Je poursuis la publication d'un travail de recherche autour des spectacles " a-dramatiques", c'est à dire ceux qui reposent sur un texte non issu de la tradition théâtrale, ou non adapté pour le théâtre sous la forme d'une "pièce"... il peut s'agir de lectures, de montages poétiques,... (voir les articles parus précédemment) ... Je m'interroge sur le côté rhapsodique de ces spectacles ou leur parenté avec les "revues" du début du XXème siècle.

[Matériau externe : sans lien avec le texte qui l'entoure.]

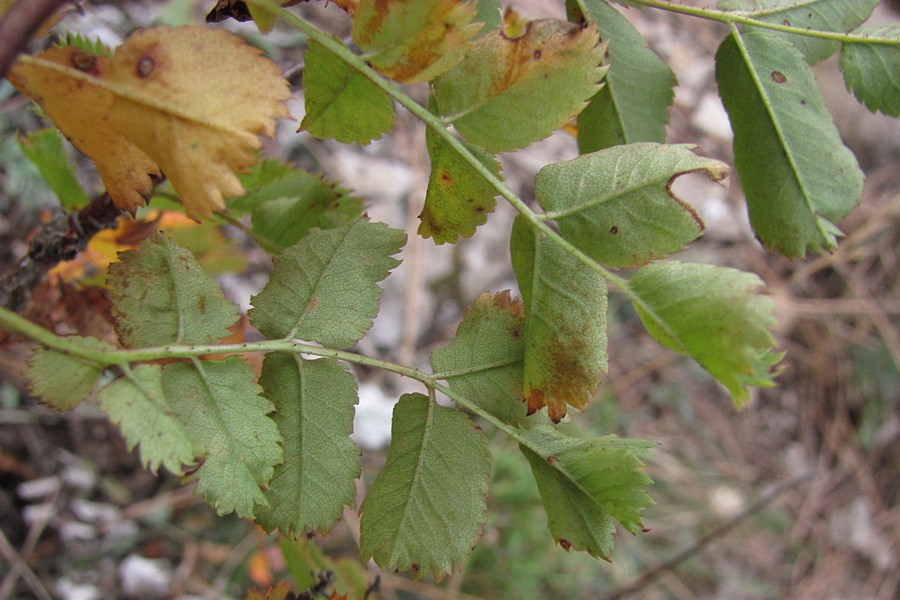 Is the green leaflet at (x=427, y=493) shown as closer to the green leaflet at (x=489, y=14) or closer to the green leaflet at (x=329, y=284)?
the green leaflet at (x=329, y=284)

Le chapitre que je vais aborder
maintenant débouche de la question que je me suis posée sur le
rapport que pouvaient entretenir les spectacles a-dramatiques avec la
crise de la fable, crise majeure du théâtre actuel, crise qui
correspond à celle de la représentation. De même que le public
n'attend plus une mimesis stricte du monde, il n'attend plus une
histoire racontée selon les principes d'autrefois.
Le cinéma et sa forme
quotidienne, le film de télévision, ont vaincu sur ce plan le
théâtre, même si la crise est antérieure à son apparition ; on
sait que le théâtre de Strindberg et les « drames stations »

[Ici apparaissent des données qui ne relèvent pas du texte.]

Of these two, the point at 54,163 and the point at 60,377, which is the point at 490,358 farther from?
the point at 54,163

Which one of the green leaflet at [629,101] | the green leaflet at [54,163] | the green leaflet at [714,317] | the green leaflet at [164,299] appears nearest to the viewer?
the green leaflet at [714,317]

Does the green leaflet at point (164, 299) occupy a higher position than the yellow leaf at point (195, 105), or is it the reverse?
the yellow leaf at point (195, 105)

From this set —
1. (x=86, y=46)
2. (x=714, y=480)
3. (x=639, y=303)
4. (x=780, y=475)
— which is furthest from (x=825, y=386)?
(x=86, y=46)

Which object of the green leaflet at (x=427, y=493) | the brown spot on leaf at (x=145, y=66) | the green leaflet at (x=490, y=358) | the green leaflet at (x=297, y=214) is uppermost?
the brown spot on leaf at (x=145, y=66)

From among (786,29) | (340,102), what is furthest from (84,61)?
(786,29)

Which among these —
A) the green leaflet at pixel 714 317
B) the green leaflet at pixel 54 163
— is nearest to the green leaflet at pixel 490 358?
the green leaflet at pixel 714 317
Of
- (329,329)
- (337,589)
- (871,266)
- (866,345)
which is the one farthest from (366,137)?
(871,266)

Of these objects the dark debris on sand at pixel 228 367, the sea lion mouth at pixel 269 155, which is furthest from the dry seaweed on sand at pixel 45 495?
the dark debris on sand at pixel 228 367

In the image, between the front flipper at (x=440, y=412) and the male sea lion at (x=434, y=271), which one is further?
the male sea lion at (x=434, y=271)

ont porté une des premières attaques à la fable, attaques que les
auteurs ultérieurs ont réitérées.
Le
principe des spectacles adramatiques ne consiste pas en la création
d'une unité entière, construite comme le bel animal de la Poétique
d'Aristote, avec un début, un milieu, une fin, avec un schéma
narratif dont les éléments s'enchaînent selon une modalité de
cause à effet. L'apparence qu'ils adoptent repose sur le montage
rhapsodique dont parle Jean-Pierre Sarrazac dans nombre de ses ouvrages1.

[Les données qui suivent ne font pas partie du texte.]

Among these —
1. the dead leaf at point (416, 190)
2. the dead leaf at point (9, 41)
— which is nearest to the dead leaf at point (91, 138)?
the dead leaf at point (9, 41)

Il s'agit pour les interprètes et les créateurs de provoquer des
situations propres à permettre la parole, à la justifier. Les
textes ou extraits s'agencent dans une logique qui précède le
spectacle (composition par l'interprète qui offre une forme déjà
élaborée) ou selon une forme aléatoire que commandent les
interventions du public. Le plaisir naîtra de la rencontre de ces
textes, de leur compatibilité ou des chocs que produit leur
juxtaposition ou leur enchâssement.
Comme,
de façon plus écrite, chez Valère Novarina ou parfois chez Michel
Vinaver, ce théâtre oral « qui libère la scène de la
traditionnelle logique du sens, pour en faire un espace d'incarnation
ludique »2
nous renvoie vers le jeu pur du texte et de la parole, sans souci
d'une logique narratrice.
Chaque
« scène », chaque partie existe pour elle-même et pour
ce qu'elle est, sans lien d'enchaînement logique avec ce qui suit ou
qui précède. On peut éventuellement trouver des réminiscences ou
des échos (dans le Bal
littéraire notamment),
mais s'il existe une continuité d'un texte à l'autre, elle tient de
la personnalité de l'interprète ou de l'auteur chez qui l'on pioche
les extraits.
Depuis
Srindberg, le théâtre se conçoit plus comme succession de
tableaux, fragments d'une vie qui se recompose dans le déroulement
de la pièce. Le
juke box,
le bal
littéraire,
les
poètes du tango
adoptent une démarche créatrice similaire. La représentation,
plutôt que fable continue, met en lumière des temps qui valent
(pour les auteurs et les interprètes) l'intérêt de ce gros plan
que suscite leur épiphanie à un moment de la représentation. Ce
montage peut s'apparenter aussi au principe de la « revue »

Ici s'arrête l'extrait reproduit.